Reliance Retail Ventures Ltd, run by India’s richest man Mukesh Ambani, on Tuesday raised Rs 5,512.50 crore from Abu Dhabi Investment Authority (ADIA), taking the total fundraise to Rs 37,710 crore in less than four weeks.
“ADIA’s investment will translate into a 1.20 per cent equity stake,” the Indian firm said in a statement.
The investment values RRVL, the retail arm of Reliance Industries Ltd, at a pre-money equity value of Rs 4.285 lakh crore.
“With this investment, RRVL has raised Rs 37,710 crore from leading global investors including Silver Lake, KKR, General Atlantic, Mubadala, GIC, TPG and ADIA in less than four weeks,” the statement said.
The investments equip Reliance Retail with funds to compete in both offline and online formats. The investments come as the country’s retail sector prepares for the upcoming festival season and would help Reliance to launch an assault on rivals such as Walmart-owned e-commerce company Flipkart and Amazon.
Reliance Retail Ltd, a subsidiary of RRVL, operates India’s largest, fastest-growing and most profitable retail business spanning supermarkets, consumer electronics chain stores, cash and carry wholesale business, fast-fashion outlets and online grocery store JioMart.
It operates about 12,000 stores in nearly 7,000 towns, with 640 million footfalls across core categories of grocery, consumer electronics and apparel.
Mukesh Ambani, Chairman and Managing Director of Reliance Industries, said, “The investment by ADIA is a further endorsement of Reliance Retail’s performance and potential and the inclusive and transformational new commerce business model that it is rolling out”.
Reliance, he said, hopes to benefit from ADIA’s strong track record of over four decades of value creation globally.
Hamad Shahwan Aldhaheri, Executive Director of the Private Equities Department at ADIA, said, “Reliance Retail has rapidly established itself as one of the leading retail businesses in India and, by leveraging both its physical and digital supply chains, is strongly positioned for further growth”.
“This investment is consistent with our strategy of investing in market-leading businesses in Asia linked to the region’s consumption-driven growth and rapid technological advancement,” he said.
The transaction is subject to regulatory and other customary approvals.
Morgan Stanley acted as financial advisor to Reliance Retail, and Cyril Amarchand Mangaldas and Davis Polk & Wardwell acted as legal counsels.
The new funding comes weeks after Reliance acquired the retail, wholesale, logistics and warehouse business of Future Group for an enterprise value of Rs 24,173 crore to consolidate its dominant market positioning in offline retail.
This also follows Reliance raising an unprecedented Rs 1.52 lakh crore for Jio Platforms, the group’s telecom and digital services company, from investors such as Facebook, Intel and Google.

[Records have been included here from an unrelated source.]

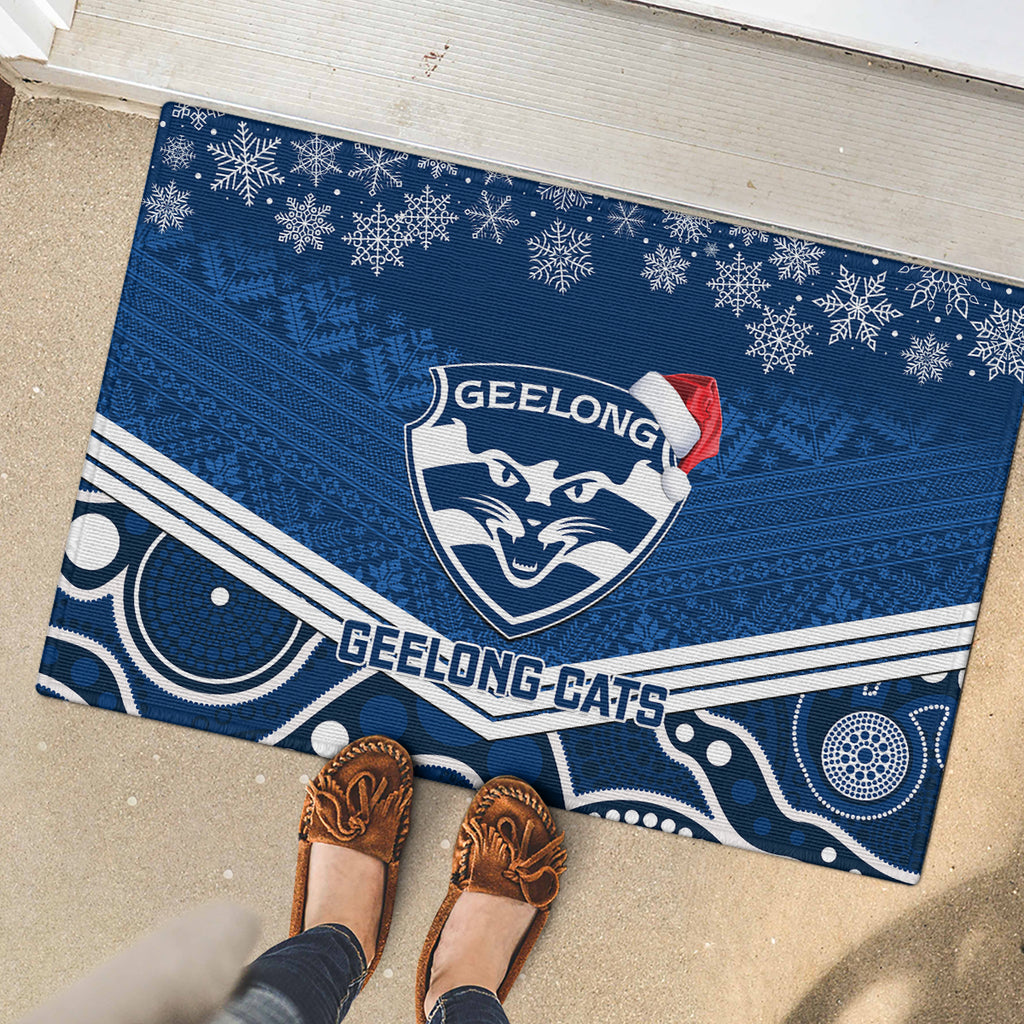 custom-geelong-football-christmas-rubber-doormat-merry-xmas-2023-mix-aboriginal-art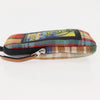 Secondhand Loewe Eye/Loewe/Nature Zip Neck Pouch Canvas with Applique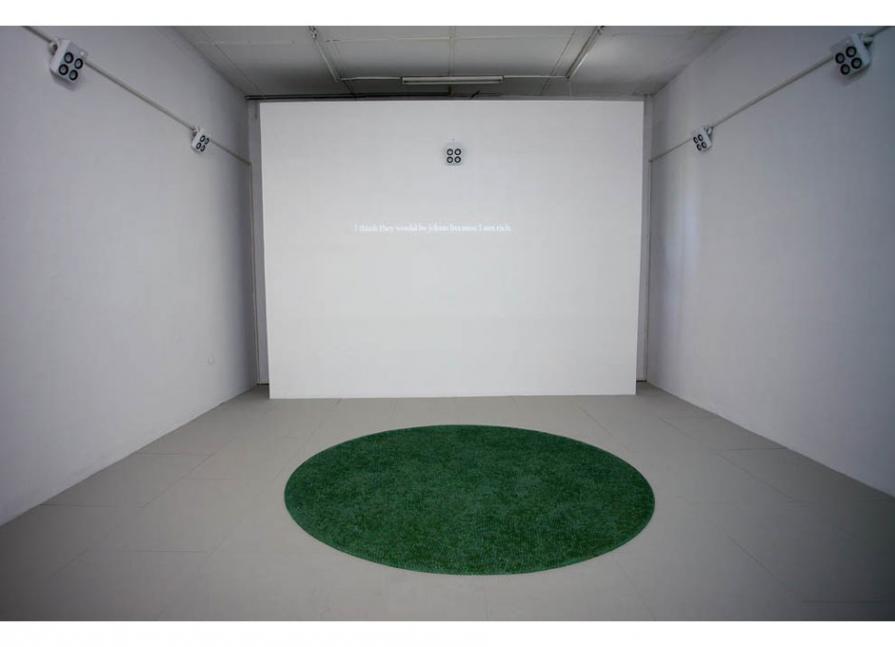 Marbles/ from the series Conversations: Hula Hoops, Elastics, Marbles and Sand Marbles/ from the series Conversations: Hula Hoops, Elastics, Marbles and Sand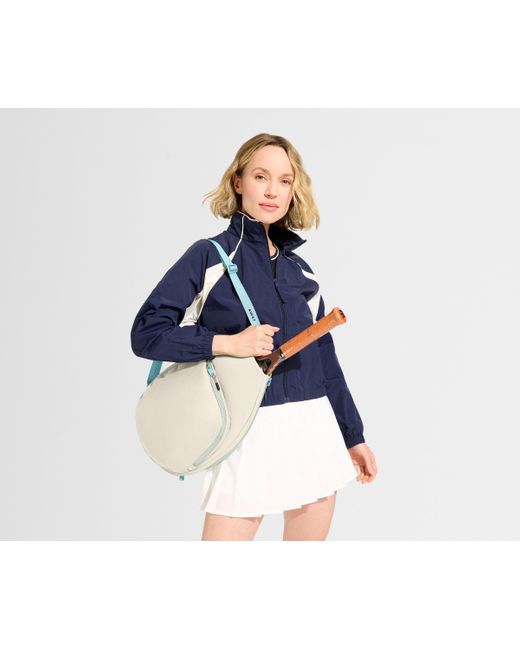 Away Travel White Racket Bag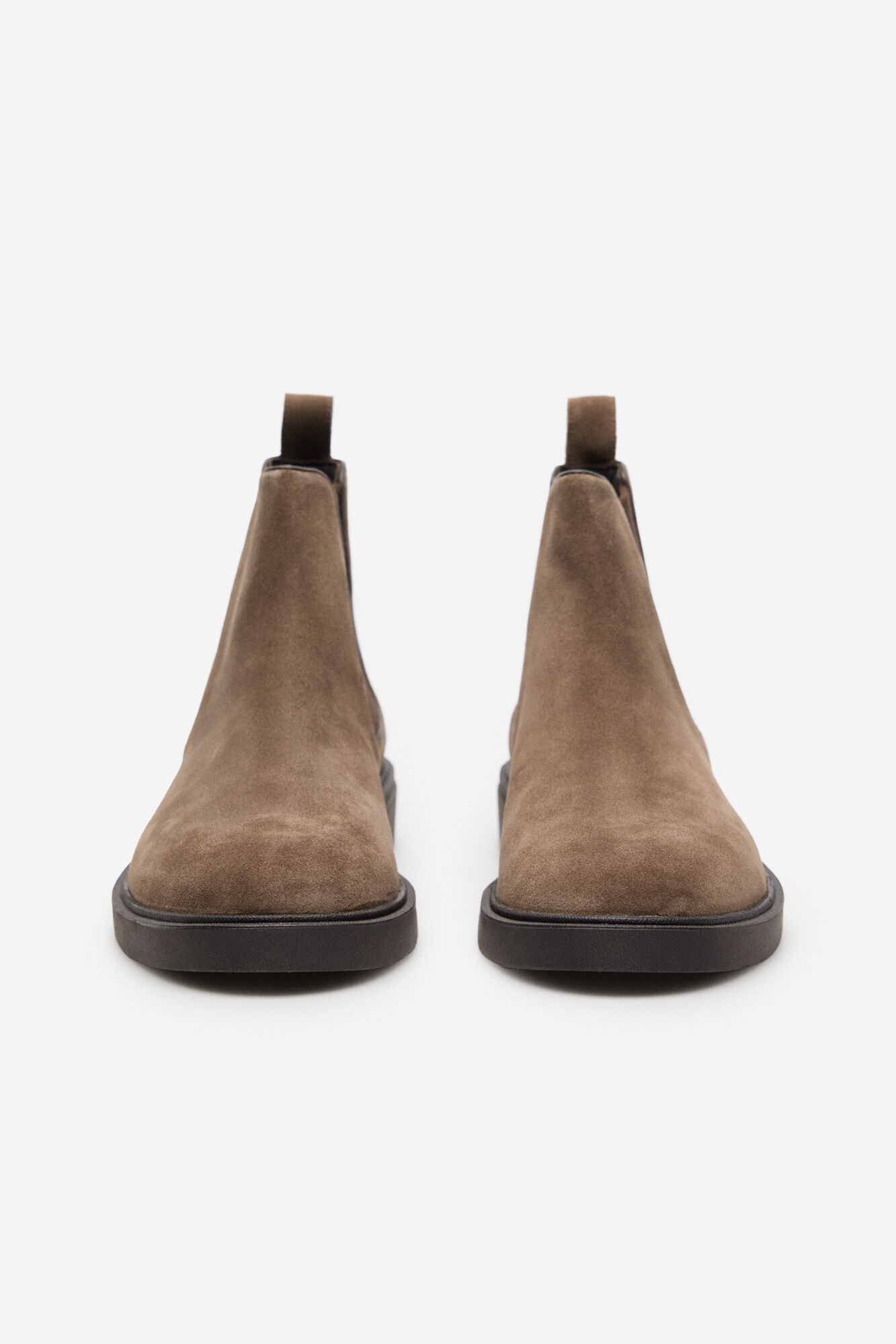 Cortefiel Bota piel gomas laterales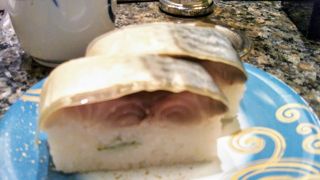 バッテラがオススメ！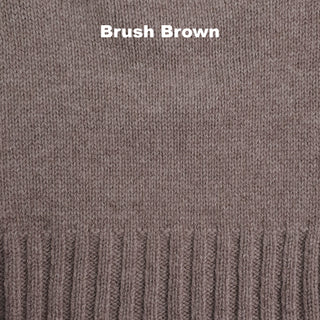 BEANIES - BAIL - PREMIUM AUSTRALIAN LAMBSWOOL - Brush Brown - 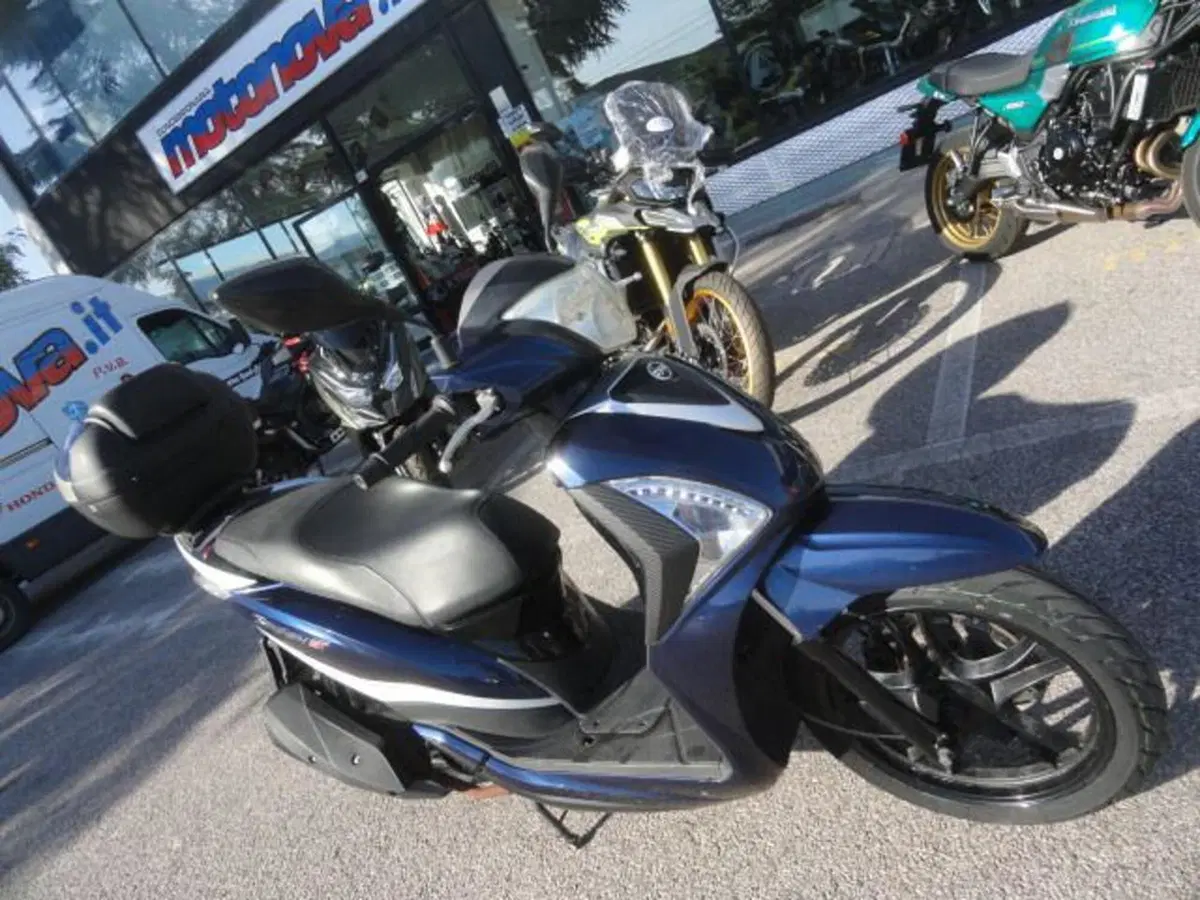 Sym Symphony 125 ST CBS (2017 - 20) (2)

The oil-to-telecom-to-retail conglomerate intends to divest minority stakes in its digital and retail businesses, and hold initial public offerings for each within five years.
Retailers are expecting to pick up in sales during Navratri and Diwali festivals.
Reliance Retail in May this year launched JioMart, an e-commerce venture, to connect mom-and-pop stores, called Kirana, with consumers.
In July, JioMart was serving 4,00,000 orders a day and is currently operational in 200 cities.
With these, Reliance Industries has sold an 8.48 per cent stake in the retail unit since September 9 for a total of Rs 37,710 crore.
With this, Jio Platforms and Reliance Retail account for over Rs 9 lakh crore of Reliance Industries Ltd’s valuation.